All that is needed is the run of lines from the top of the entries to the line with "MEXITAL Bremsbeläge Vorne", that line included, repeated exactly and free of pictures.
==========
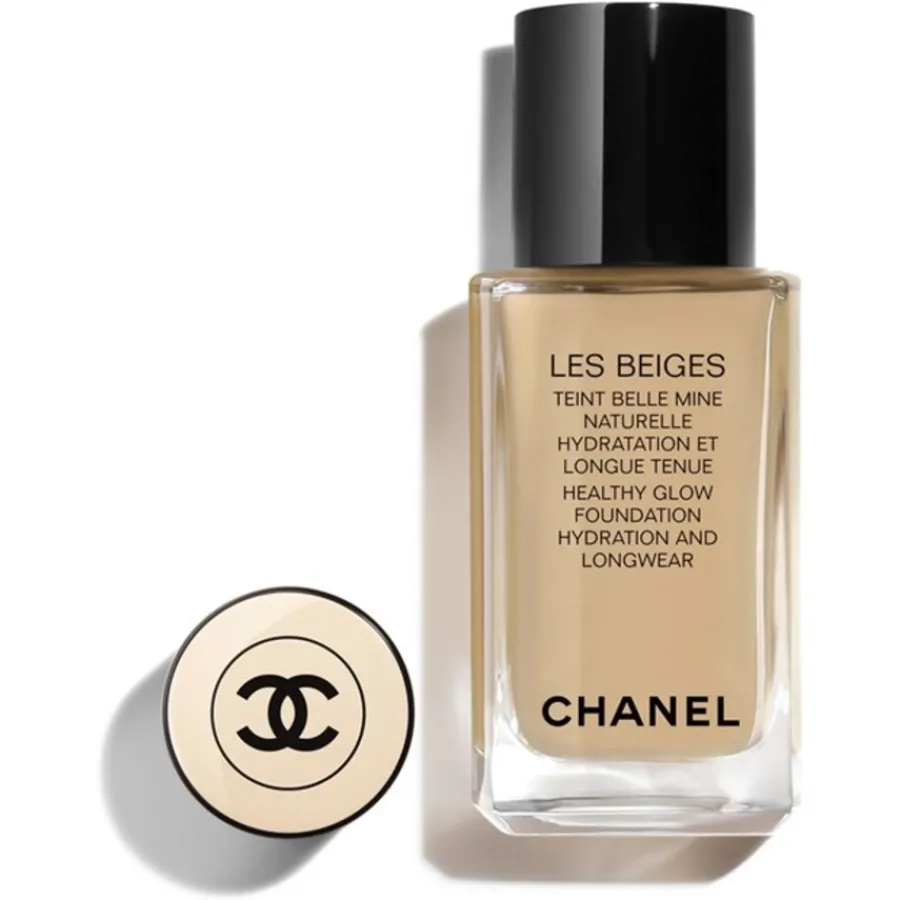 CHANEL TEINT GRUNDIERUNG LES BEIGES Foundation mit Weichzeichnereffekt. Samtig-mattes Finish. Clearance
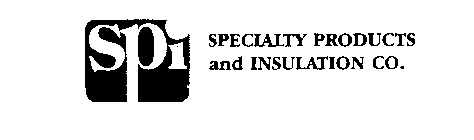 SPI SPECIALTY PRODUCTS AND INSULATION CO.
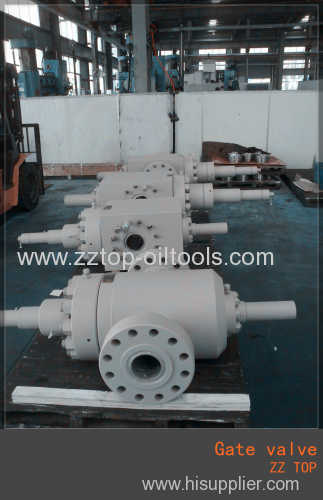 API Ball Screw Gate Valve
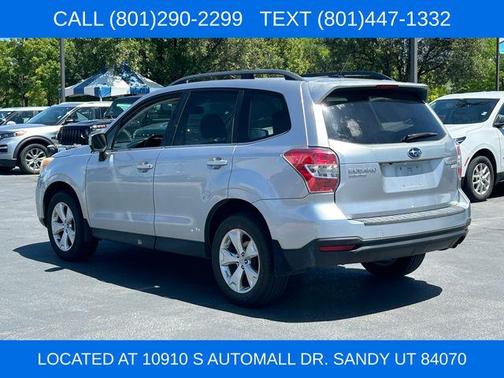Ice Silver Metallic 2014 Subaru Forester 2.5i Limited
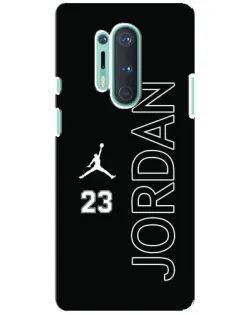 Чохол для OnePlus 8 Pro з картинкою «Jordan Vertical» Чохол для OnePlus 8 Pro з картинкою «Jordan Vertical»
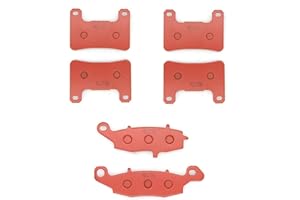 MEXITAL Bremsbeläge Vorne + Hinten für VZR 1800 M 1800 R/R2/RZ/RB (K/L/NK/ZK/ZL/BL) Intruder/Boulevard M109 R/R2/RZ(06-18)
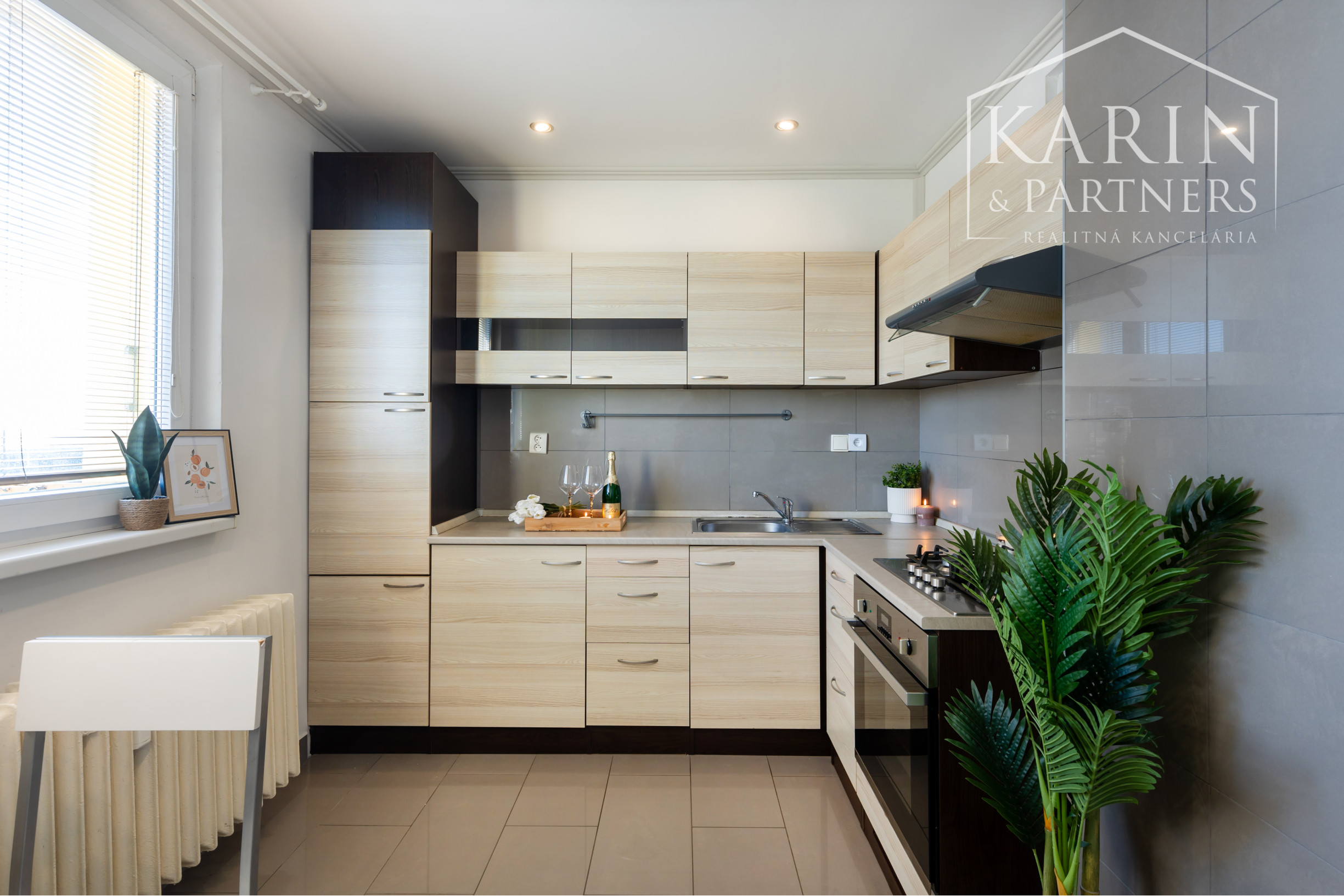 1- izbový byt v centre Nitry - PREDANÝ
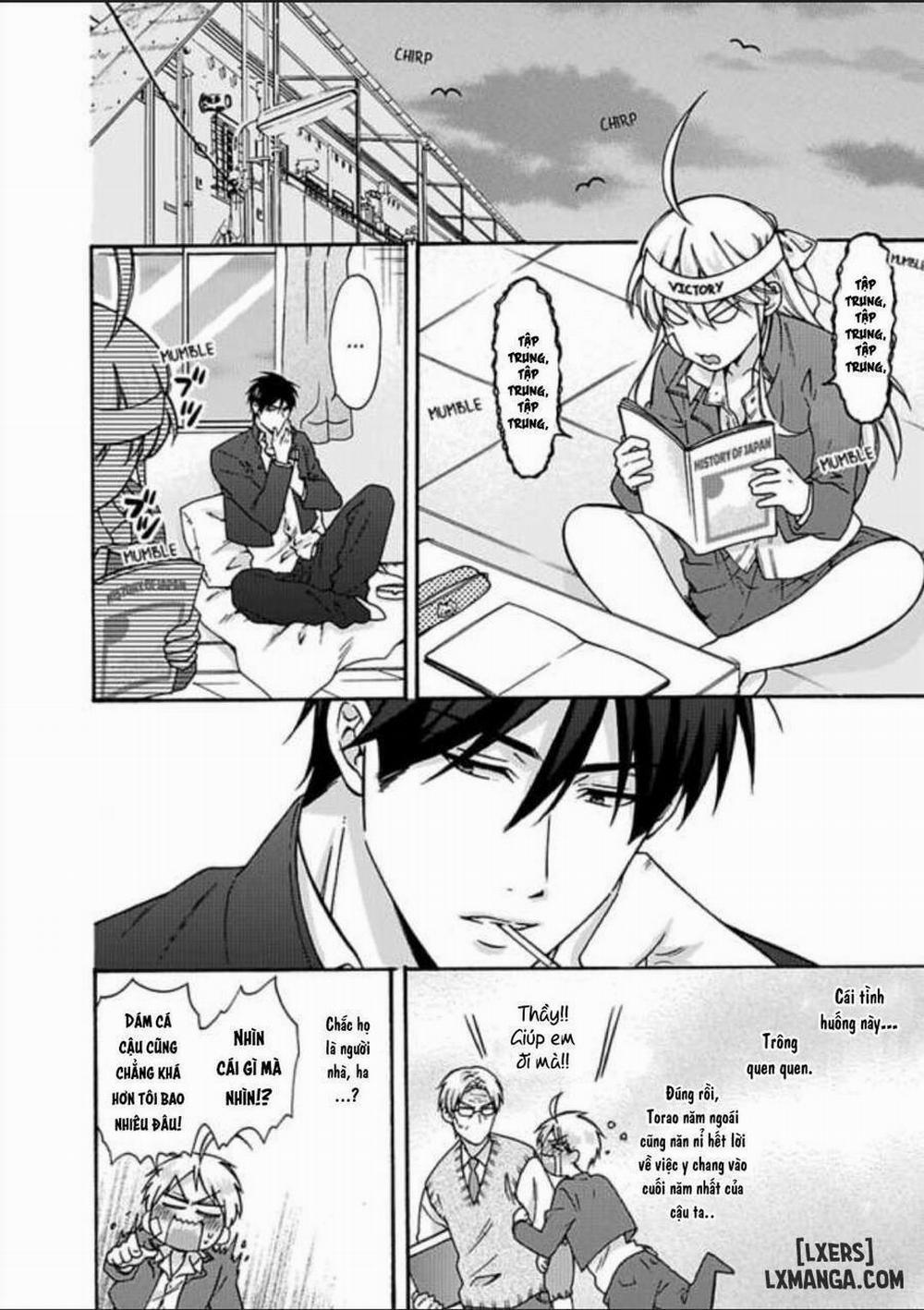 Nyotaika Yankee Gakuen: Ore no Hajimete, Nerawaretemasu! 17 trang 19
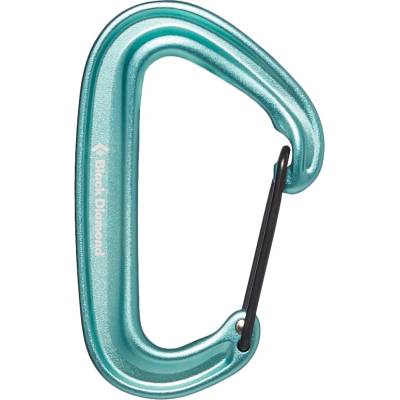 Black Diamond Карабинер с щифт Black diamond Miniwire Carabiner Snapgate carabiner - Minted - размер One Size (321-0243-0611)
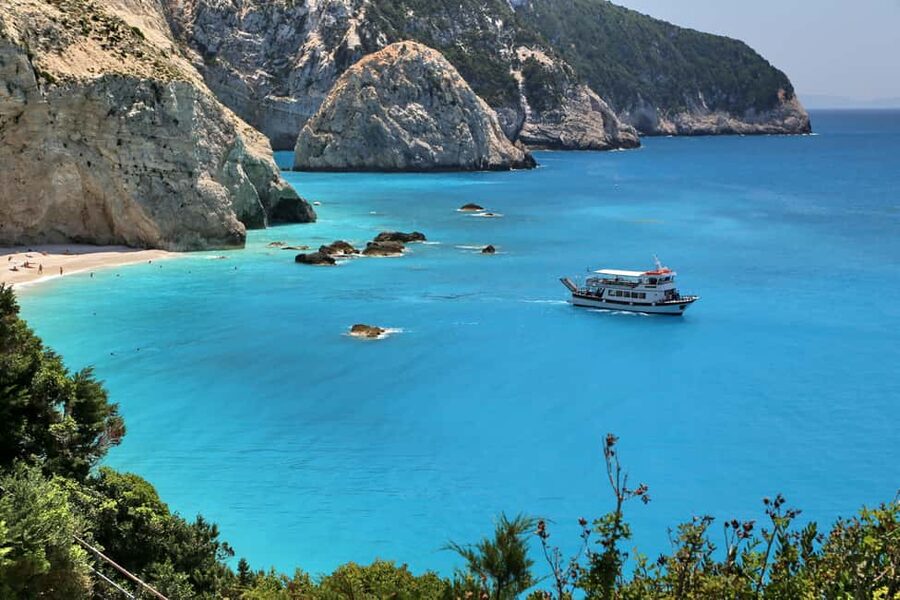 NYDRI: Cruise to Egremni, Porto Katsiki, Agiofili of Lefkada - What the $44 price really includes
==========
| RESULT OF THE TASK |
 CHANEL TEINT GRUNDIERUNG LES BEIGES Foundation mit Weichzeichnereffekt. Samtig-mattes Finish. Clearance
 SPI SPECIALTY PRODUCTS AND INSULATION CO.
 API Ball Screw Gate Valve
Ice Silver Metallic 2014 Subaru Forester 2.5i Limited
 Чохол для OnePlus 8 Pro з картинкою «Jordan Vertical» Чохол для OnePlus 8 Pro з картинкою «Jordan Vertical»
 MEXITAL Bremsbeläge Vorne + Hinten für VZR 1800 M 1800 R/R2/RZ/RB (K/L/NK/ZK/ZL/BL) Intruder/Boulevard M109 R/R2/RZ(06-18)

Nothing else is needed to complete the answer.